Un café de plus baisse définitivement le rideau sur la Grand-Place de Mons, et pas n'importe lequel. Véritable institution dans la Cité du Doudou, le No Maison était depuis des lustres le repère de nombreux fêtards et bonnes fourchettes. Mais la crise n'a pas épargné l'établissement repris en 2018 par Carole Vincenzutto.

On le sait, le secteur horeca a pourtant bénéficié de primes pour garder la tête hors de l'eau. La Ville de Mons a même été la première du pays à mettre en place des aides communales pour soutenir ses commerçants locaux. Mais le No Maison n'en a pas vu la couleur, car il n'était pas en ordre de lois sociales. Il faisait partie de ces établissements montois qui comptaient sur le Doudou pour renflouer les caisses. Chaque année, la Ducasse représente selon les cafés entre 20 et 50% du chiffre d'affaires.

"Nous avons été privés du Doudou deux années de suite. Nous n'avons pas eu la fête de la bière et le marché de Noël s'est déroulé en mode mineur. Toutes ces annulations nous ont porté un coup fatal dans le contexte de la crise", explique Carole Vincenzutto, le cœur lourd.
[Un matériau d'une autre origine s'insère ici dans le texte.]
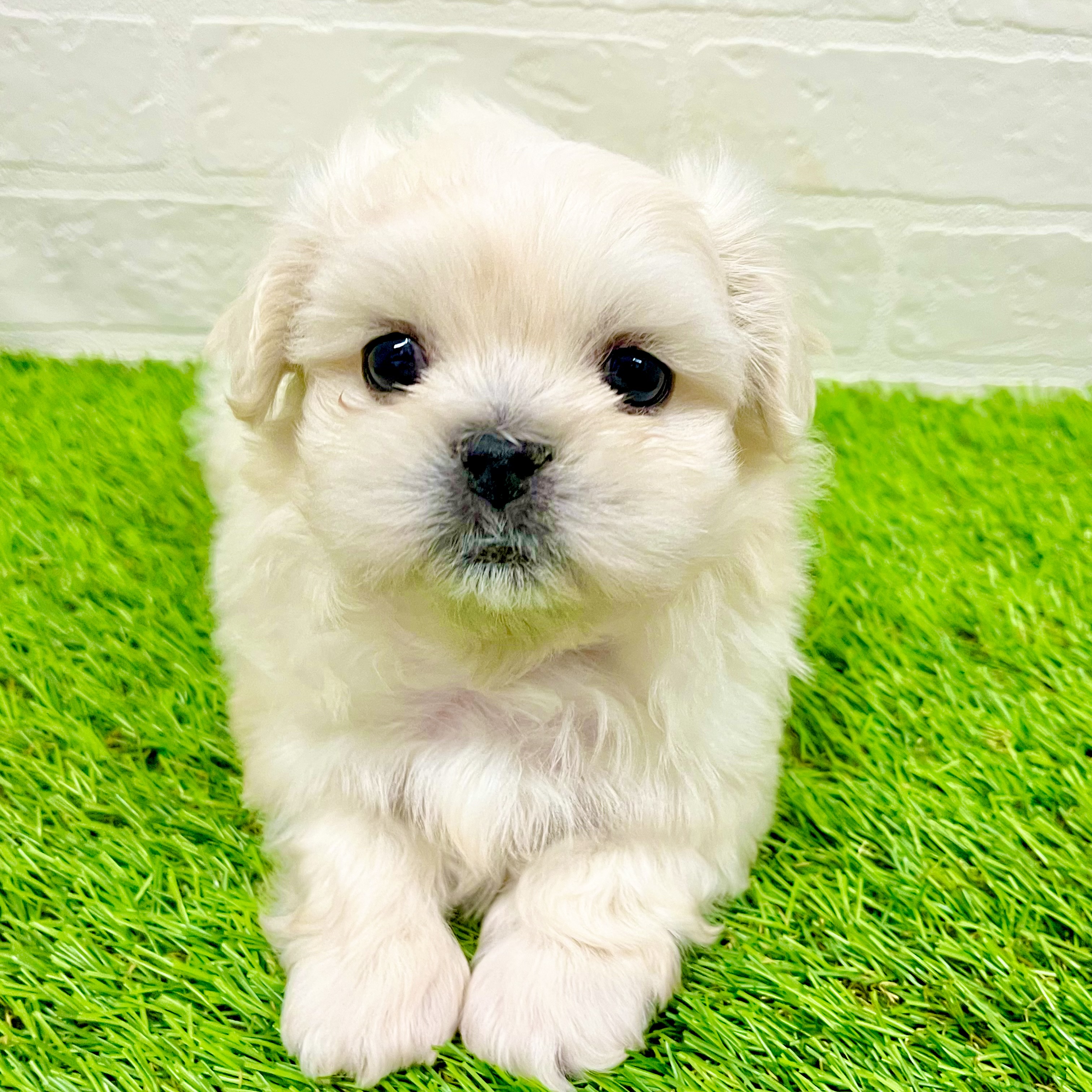 滋賀県のペキマル/マルペキ(ペキニーズ×マルチーズ) (ワンニャンハウス草津店/2025年9月25日生まれ/男の子/ホワイト)の子犬の4枚目の画像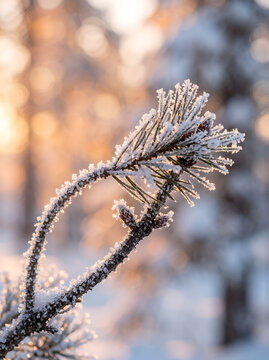 Frost Covered Pine Tree Branch Close Up in Golden Winter Sunset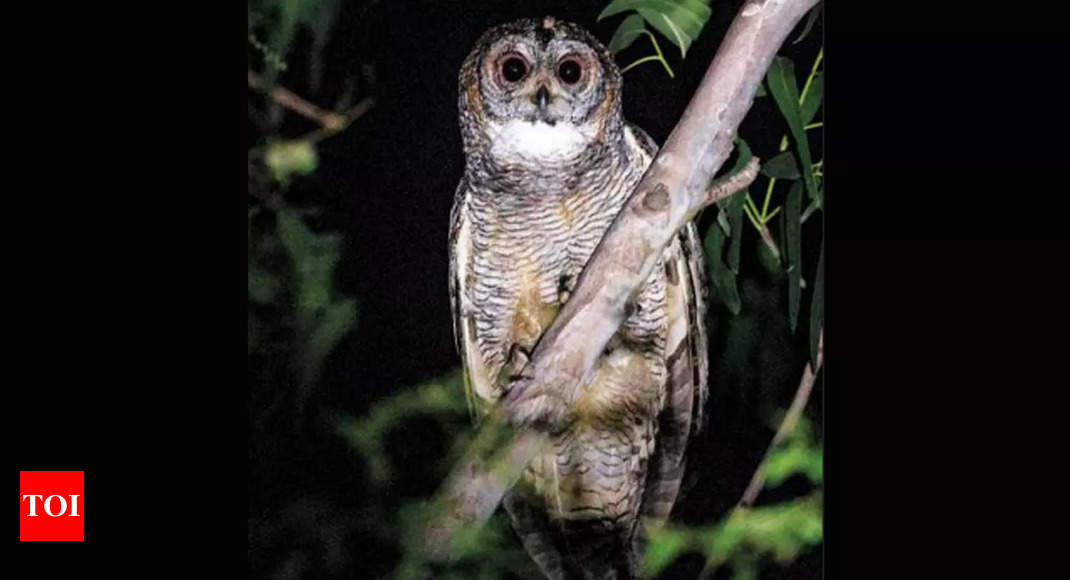 owl food in tamil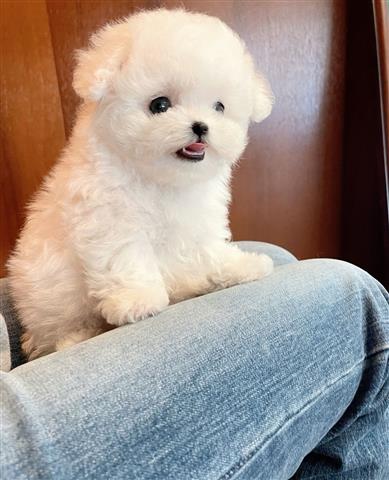 $350 : MALTIPOO EN VENTA image 2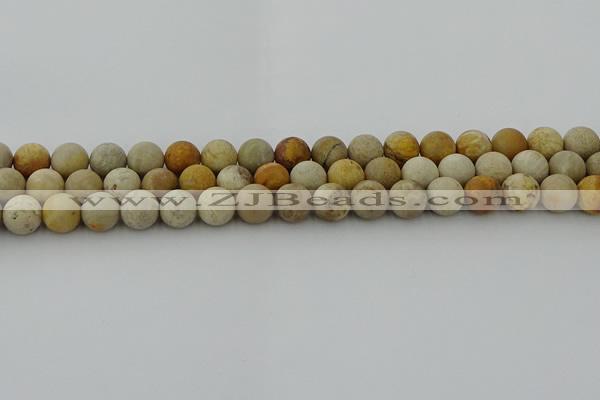 CFC222 15.5 inches 8mm round matte fossil coral beads wholesale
La gérante n'a pas été aidée non plus par le propriétaire du bâtiment qu'elle occupe, le groupe brassicole AB InBev. Aucun geste sur le loyer exorbitant, malgré la crise. Une situation que dénonce Mickaël Hacourt de l'association des commerçants de la Grand-Place. "La plupart des bâtiments de la Grand-Place sont loués à de grands propriétaires, voire à des multinationales, à travers des contrats valables une dizaine d'années. Les conditions étaient acceptables au départ, mais ces quatre dernières années, il y a eu des variations profondes qui se sont aggravées avec la crise sanitaire", pointe Mickaël Hacourt.
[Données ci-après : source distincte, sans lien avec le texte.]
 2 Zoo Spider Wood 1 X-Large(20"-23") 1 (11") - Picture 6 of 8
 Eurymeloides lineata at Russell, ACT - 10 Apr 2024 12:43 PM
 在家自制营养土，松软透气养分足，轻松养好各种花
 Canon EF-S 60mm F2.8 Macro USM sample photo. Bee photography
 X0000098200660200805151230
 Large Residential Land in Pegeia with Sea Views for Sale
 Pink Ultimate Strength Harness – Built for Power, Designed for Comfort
Le Comte de Flandres, le Royal, le Cocoon, la Corde ou encore le Nota Bene ont laissé des bâtiments vides sur la Grand-Place de Mons. Mickaël Hacourt craint de vivre le même phénomène que celui enduré par la Grand-Rue il y a plusieurs années, quand des loyers surréalistes étouffaient l'activité commerciale. "On camoufle la chose en élargissant les terrasses, mais nous avons perdu près d'un tiers des commerces sur le plateau de la Grand-Place."

Pour stopper l'hémorragie, le Montois suggère plusieurs pistes. Lutter contre la spéculation immobilière évidemment. Mais aussi renforcer l'attractivité des lieux. "Organiser des événements le week-end, c'est facile. Mais il faut aussi de l'animation en semaine." Un véritable défi, d'autant plus que l'activité des cafés manque d'uniformité. "Il y en a trop qui ferment le lundi soir par exemple." Il suggère également de lutter contre le sentiment d'insécurité, notamment en renforçant l'éclairage sur la Grand-Place. Mickaël Hacourt n'est pas optimiste sur les prochains mois. Entre l'hiver qui ne permettra pas de profiter des terrasses et l'introduction du Covid Safe Ticket qui va compliquer la gestion des cafés, les temps s'annoncent durs pour le secteur horeca, tout particulièrement sur la Grand-Place. "Tout le monde ne va pas passer l'hiver", conclut Mickaël Hacourt.